Hi James,

Thanks for providing the detailed info on replication.   Two questions. 

1. I am not clear how the replication work in term of view. Is this open issue 
wrt replication? 

2.  As you mention that there are still work required wrt the combination of 
transaction and replication? Does this work need to be done in hbase or 
Phoenix? Are there any existing Jira for this work? 

Thanks,
Saurabh.
Sent from Bloomberg Professional for iPhone 

----- Original Message -----
From: James Taylor <[email protected]>
To: [email protected]
At: 09-Jun-2016 11:42:46


Hi JM,
Are you looking toward replication to support DR? If so, you can rely on 
HBase-level replication with a few gotchas and some operational hurdles:

- When upgrading Phoenix versions, upgrade the server-side first for both the 
primary and secondary cluster.

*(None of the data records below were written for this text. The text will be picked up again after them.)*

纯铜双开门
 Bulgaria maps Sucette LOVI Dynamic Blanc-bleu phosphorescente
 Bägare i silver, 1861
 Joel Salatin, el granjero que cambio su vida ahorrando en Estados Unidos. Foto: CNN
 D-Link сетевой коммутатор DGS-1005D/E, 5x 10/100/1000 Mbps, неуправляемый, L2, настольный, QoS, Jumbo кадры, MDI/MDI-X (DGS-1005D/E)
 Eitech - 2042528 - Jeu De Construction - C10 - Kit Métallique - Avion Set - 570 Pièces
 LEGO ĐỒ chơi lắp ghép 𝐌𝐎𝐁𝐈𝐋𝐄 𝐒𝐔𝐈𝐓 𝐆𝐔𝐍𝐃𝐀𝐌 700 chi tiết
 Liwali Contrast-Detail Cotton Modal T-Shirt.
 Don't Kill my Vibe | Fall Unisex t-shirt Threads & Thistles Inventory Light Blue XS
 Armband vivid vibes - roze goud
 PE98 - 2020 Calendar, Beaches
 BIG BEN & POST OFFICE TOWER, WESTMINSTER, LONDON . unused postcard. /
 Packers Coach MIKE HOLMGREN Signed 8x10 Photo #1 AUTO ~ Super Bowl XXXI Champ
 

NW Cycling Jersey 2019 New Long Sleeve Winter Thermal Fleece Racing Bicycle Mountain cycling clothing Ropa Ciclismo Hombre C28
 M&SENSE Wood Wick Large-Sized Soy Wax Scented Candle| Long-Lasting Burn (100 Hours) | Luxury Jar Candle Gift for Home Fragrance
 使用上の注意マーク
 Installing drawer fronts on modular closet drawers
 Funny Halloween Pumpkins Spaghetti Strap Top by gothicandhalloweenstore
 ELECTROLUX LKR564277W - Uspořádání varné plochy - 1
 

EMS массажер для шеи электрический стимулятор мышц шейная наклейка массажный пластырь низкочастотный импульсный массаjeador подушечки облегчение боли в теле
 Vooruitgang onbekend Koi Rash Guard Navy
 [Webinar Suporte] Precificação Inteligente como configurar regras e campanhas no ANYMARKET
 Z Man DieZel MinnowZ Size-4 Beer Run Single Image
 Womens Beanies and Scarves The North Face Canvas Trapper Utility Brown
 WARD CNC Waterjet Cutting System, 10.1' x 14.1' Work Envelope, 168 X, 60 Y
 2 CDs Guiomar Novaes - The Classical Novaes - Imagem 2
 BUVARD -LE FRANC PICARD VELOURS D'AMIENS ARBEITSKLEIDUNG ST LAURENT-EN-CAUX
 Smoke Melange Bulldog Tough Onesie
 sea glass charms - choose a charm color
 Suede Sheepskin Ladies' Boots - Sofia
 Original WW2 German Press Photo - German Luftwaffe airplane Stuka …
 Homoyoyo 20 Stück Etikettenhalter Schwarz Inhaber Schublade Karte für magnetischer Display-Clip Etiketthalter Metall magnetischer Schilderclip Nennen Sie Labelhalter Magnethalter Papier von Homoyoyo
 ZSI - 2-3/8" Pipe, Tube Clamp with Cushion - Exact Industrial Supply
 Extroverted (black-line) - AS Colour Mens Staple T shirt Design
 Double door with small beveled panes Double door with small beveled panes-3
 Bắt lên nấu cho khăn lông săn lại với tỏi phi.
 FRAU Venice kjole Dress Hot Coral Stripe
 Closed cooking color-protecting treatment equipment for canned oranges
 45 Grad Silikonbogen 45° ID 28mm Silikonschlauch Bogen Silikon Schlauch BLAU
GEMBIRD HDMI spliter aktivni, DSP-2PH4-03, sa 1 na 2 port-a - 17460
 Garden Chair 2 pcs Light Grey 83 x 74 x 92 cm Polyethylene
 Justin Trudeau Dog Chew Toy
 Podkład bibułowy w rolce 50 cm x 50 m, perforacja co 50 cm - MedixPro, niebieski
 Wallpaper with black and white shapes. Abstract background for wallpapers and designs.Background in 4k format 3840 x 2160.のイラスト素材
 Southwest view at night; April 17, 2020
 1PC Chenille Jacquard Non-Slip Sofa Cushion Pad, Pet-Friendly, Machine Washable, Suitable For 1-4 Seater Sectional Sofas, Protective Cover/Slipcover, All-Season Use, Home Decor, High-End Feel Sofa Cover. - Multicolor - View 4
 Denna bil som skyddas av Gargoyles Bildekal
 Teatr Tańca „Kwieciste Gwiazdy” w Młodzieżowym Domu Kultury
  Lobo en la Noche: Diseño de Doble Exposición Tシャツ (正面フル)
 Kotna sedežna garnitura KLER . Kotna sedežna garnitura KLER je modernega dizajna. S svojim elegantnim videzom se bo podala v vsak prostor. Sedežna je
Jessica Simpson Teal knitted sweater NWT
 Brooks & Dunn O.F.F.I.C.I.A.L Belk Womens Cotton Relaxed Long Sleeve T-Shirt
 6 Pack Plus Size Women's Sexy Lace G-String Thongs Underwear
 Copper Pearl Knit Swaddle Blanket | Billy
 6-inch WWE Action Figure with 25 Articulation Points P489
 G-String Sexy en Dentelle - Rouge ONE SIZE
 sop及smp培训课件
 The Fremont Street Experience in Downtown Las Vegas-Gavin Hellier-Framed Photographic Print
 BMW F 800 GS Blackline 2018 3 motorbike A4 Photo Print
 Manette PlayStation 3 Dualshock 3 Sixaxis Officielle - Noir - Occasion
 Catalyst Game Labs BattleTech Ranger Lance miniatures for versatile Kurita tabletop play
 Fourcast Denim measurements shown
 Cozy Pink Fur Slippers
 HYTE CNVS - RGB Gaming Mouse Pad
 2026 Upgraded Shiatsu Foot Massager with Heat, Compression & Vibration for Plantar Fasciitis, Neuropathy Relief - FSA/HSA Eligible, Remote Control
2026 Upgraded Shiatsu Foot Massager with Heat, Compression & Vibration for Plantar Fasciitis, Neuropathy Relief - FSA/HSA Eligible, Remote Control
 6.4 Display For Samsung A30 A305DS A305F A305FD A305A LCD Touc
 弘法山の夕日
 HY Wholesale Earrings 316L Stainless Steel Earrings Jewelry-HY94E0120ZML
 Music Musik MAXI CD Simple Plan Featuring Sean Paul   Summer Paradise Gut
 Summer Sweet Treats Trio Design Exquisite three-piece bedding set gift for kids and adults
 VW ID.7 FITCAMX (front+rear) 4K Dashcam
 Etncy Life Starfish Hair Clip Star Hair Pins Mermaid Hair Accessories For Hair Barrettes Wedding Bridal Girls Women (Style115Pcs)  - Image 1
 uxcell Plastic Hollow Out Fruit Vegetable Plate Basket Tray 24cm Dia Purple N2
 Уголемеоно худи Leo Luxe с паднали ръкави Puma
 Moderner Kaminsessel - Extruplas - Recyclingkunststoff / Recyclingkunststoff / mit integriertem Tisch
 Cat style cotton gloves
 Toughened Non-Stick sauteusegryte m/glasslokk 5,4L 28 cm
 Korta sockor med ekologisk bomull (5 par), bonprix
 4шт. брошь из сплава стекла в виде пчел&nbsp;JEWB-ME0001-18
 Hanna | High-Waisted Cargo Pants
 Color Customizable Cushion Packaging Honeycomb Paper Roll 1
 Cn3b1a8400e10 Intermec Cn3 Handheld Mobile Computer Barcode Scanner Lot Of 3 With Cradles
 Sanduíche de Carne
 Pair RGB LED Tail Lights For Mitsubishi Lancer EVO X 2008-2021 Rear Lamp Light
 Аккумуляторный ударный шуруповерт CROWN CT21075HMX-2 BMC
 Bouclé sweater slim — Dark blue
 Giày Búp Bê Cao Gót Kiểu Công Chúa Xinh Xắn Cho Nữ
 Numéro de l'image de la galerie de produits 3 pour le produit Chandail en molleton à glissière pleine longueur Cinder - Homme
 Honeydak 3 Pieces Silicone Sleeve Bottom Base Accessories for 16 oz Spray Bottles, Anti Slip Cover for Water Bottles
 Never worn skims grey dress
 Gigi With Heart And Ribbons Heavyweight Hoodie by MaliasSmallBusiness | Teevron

You can do a rolling upgrade and old clients 
will continue to work with the upgraded server, so no downtime is required (see 
Backward Compatibility[1] for more details).
- Execute Phoenix DDL (i.e. user-level changes to existing Phoenix tables, 
creation of new tables, indexes, sequences) against both the primary and 
secondary cluster with replication suspended (as otherwise you end up with a 
race condition for the replication of the SYSTEM.CATALOG table and any not yet 
existing tables). If you've upgraded Phoenix, then even if there's no DDL, you 
should at a minimum connect a Phoenix client to both the primary and secondary 
cluster to trigger any upgrades to Phoenix system tables. Once the DDL is 
complete, resume replication. 
- Do not replicate the SYSTEM.SEQUENCE table since replication is asynchronous 
and may fall behind which would be a big issue if switching over to the 
secondary cluster as sequence values could start repeating. Instead, 
incorporate a cluster ID into any sequence-based identifiers and concatenate 
this with the sequence value. In that way, the identifiers will continue to be 
unique after a DR event.
- Replicate Phoenix indexes just like data tables as the HBase-level 
replication of the data table will not trigger index updates.
- In theory, you really only need to replicate views from SYSTEM.CATALOG since 
you're executing DDL on both the primary and secondary cluster, however I don't 
think HBase has that capability (but it sure would be nice). FWIW, we're 
thinking of separating views from table definitions into separate Phoenix 
tables but need to first make these tables transactional (we're using an HBase 
mechanism that allows all or none commits to the SYSTEM.CATALOG, but it only 
works if all updates are to the same RS which is too limiting).
- It's a good idea to monitor the depth of the replication queue so you know 
if/when replication is falling behind.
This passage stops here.